"""
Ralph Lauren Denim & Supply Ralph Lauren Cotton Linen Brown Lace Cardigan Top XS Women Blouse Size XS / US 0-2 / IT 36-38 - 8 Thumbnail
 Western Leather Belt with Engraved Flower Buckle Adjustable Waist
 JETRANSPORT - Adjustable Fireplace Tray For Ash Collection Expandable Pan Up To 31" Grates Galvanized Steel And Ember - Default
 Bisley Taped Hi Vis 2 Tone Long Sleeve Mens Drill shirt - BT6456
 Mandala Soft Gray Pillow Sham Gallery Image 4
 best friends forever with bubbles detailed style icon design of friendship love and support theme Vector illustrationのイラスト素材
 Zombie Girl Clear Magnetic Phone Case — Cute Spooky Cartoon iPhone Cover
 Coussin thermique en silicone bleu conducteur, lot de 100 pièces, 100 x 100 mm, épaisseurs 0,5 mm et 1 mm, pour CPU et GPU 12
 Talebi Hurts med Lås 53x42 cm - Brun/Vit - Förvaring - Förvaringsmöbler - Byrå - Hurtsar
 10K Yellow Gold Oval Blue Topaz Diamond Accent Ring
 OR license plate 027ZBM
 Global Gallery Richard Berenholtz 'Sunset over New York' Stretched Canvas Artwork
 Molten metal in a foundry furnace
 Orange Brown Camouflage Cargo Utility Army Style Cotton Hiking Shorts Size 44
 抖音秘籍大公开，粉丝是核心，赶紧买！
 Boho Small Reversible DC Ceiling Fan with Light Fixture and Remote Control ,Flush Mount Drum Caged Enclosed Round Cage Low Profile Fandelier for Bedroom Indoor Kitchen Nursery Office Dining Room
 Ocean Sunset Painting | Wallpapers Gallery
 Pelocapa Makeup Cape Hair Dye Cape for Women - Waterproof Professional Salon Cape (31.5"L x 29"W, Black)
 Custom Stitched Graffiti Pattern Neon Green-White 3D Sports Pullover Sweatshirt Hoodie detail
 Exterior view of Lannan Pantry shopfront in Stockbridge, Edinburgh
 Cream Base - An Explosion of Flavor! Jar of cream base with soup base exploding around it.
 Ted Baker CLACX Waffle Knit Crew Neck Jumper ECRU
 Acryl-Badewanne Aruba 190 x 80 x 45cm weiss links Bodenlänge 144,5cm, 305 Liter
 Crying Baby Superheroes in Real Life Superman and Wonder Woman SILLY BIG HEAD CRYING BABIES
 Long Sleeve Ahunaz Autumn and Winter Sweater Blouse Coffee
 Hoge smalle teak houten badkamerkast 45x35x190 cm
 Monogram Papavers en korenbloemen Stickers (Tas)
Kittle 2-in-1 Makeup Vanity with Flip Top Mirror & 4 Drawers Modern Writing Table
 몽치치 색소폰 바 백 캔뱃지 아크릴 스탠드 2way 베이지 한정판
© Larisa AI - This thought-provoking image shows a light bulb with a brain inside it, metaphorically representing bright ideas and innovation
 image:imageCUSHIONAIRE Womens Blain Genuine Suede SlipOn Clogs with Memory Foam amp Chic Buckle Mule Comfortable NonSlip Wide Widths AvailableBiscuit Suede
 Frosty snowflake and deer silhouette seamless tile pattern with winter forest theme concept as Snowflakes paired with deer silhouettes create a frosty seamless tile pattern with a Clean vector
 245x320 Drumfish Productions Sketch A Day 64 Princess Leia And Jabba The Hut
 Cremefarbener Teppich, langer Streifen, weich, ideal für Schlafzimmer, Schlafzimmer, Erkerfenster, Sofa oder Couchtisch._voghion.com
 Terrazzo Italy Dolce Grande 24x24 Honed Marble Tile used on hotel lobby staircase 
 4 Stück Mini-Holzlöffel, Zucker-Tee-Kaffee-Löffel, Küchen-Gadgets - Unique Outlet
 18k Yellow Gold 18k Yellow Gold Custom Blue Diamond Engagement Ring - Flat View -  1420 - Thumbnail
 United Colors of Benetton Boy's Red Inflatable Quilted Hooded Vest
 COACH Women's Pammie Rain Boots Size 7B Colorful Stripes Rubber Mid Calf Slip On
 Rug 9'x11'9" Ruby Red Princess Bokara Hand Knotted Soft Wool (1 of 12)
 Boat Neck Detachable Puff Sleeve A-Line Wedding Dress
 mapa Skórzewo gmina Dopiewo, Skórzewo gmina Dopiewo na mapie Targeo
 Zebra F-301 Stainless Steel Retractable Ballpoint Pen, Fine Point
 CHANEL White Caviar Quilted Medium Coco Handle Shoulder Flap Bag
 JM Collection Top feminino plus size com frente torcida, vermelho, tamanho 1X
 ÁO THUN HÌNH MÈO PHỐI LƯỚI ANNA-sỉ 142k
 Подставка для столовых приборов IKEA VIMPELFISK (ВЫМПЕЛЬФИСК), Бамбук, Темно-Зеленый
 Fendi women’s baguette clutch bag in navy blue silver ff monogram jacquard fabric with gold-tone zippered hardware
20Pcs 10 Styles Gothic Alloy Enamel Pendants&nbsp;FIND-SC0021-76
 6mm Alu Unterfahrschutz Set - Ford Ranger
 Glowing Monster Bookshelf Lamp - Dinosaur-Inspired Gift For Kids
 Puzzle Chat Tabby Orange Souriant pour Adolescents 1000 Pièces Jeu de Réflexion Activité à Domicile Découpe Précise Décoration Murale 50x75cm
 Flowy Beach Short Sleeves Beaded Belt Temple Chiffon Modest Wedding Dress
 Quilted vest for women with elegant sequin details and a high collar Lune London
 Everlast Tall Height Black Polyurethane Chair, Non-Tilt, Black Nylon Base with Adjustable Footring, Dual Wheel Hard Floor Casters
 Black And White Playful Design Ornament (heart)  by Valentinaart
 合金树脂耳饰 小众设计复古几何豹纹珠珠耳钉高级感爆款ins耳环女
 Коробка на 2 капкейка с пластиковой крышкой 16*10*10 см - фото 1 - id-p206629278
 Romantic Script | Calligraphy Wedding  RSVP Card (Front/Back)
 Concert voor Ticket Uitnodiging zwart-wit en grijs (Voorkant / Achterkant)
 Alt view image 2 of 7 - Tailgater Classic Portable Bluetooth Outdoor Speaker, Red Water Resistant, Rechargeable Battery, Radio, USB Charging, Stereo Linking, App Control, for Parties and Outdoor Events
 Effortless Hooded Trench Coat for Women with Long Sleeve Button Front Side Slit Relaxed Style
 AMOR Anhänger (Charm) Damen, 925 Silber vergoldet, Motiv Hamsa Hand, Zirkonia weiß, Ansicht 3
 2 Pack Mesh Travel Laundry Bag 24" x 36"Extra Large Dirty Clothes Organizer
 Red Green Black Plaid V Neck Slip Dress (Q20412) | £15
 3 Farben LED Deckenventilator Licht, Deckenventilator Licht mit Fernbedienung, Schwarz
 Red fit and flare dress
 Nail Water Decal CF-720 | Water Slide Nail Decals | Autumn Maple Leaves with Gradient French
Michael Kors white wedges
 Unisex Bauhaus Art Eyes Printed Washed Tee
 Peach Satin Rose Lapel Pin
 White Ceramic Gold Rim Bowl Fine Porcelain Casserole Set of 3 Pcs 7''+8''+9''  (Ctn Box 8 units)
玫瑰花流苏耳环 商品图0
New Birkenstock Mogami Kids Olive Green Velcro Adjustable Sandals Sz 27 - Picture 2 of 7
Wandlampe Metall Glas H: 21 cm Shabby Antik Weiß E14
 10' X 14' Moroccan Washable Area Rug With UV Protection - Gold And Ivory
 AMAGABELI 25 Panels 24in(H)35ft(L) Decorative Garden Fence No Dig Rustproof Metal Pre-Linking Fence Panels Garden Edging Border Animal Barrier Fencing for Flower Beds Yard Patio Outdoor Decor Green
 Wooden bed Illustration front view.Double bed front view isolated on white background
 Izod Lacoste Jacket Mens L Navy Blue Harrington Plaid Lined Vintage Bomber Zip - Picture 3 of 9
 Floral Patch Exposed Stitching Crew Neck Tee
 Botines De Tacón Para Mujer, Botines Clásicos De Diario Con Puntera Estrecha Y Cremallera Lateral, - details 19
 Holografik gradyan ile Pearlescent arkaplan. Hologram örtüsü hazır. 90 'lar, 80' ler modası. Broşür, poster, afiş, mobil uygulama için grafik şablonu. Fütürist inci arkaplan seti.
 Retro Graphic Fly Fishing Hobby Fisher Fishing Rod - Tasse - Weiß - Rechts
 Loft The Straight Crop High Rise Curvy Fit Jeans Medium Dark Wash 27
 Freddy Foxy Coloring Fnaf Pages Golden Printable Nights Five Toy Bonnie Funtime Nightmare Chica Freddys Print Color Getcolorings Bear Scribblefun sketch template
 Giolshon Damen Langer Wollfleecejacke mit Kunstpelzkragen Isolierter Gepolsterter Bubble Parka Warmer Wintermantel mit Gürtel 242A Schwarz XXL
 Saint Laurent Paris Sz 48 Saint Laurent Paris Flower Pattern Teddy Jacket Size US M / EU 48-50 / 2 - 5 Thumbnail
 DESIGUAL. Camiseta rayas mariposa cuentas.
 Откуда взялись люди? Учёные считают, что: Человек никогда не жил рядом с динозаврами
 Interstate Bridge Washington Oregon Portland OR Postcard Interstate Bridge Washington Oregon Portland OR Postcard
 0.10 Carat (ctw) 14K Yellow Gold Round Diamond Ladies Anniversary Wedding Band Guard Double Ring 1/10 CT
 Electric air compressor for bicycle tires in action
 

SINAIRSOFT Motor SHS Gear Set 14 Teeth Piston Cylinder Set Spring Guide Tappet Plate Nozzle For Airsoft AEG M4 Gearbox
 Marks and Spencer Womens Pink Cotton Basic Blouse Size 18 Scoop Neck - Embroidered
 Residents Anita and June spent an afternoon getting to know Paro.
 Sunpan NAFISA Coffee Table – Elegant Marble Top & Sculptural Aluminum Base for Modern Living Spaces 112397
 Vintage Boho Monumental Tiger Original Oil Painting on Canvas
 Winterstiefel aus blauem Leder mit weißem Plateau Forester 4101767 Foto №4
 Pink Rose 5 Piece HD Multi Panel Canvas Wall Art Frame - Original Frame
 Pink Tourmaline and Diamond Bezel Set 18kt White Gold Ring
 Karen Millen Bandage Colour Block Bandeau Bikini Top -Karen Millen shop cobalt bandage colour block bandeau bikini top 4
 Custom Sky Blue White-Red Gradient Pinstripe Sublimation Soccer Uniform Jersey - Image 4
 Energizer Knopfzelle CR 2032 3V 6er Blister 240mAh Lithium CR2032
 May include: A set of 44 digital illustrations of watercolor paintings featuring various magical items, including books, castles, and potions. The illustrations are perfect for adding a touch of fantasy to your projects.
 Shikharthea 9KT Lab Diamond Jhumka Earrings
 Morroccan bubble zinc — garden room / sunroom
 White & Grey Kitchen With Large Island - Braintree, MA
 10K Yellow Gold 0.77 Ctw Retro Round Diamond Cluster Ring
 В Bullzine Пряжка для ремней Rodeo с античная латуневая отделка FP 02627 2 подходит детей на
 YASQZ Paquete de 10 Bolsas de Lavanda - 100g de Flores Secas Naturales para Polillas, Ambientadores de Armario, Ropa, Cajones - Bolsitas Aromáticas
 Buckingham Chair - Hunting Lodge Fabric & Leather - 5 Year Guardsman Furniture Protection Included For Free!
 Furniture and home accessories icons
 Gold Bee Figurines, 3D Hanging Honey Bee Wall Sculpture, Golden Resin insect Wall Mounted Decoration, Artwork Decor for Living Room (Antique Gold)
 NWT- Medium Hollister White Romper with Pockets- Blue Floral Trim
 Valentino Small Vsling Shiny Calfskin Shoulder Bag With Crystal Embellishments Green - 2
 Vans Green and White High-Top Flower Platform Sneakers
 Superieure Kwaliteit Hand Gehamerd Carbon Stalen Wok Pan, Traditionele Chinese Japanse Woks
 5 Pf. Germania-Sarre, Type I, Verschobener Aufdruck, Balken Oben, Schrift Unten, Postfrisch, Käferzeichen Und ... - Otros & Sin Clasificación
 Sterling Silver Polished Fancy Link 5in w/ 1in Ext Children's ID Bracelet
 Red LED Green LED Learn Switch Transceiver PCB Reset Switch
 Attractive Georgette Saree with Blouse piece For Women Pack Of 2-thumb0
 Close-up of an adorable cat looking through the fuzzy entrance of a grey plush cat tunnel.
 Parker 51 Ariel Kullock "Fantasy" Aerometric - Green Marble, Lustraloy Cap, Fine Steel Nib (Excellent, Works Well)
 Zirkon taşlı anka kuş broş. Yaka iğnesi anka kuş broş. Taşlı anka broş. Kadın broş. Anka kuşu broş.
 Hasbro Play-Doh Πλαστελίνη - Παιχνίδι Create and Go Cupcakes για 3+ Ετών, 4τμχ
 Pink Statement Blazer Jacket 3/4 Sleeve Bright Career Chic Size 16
"""
**Task brief:**
In the data above, which lines lie between the line with "Nail Water Decal" and the line with "Wandlampe Metall Glas", inclusive? Print those lines exactly and nothing else.

**Solution to this task:**
 Nail Water Decal CF-720 | Water Slide Nail Decals | Autumn Maple Leaves with Gradient French
Michael Kors white wedges
 Unisex Bauhaus Art Eyes Printed Washed Tee
 Peach Satin Rose Lapel Pin
 White Ceramic Gold Rim Bowl Fine Porcelain Casserole Set of 3 Pcs 7''+8''+9''  (Ctn Box 8 units)
玫瑰花流苏耳环 商品图0
New Birkenstock Mogami Kids Olive Green Velcro Adjustable Sandals Sz 27 - Picture 2 of 7
Wandlampe Metall Glas H: 21 cm Shabby Antik Weiß E14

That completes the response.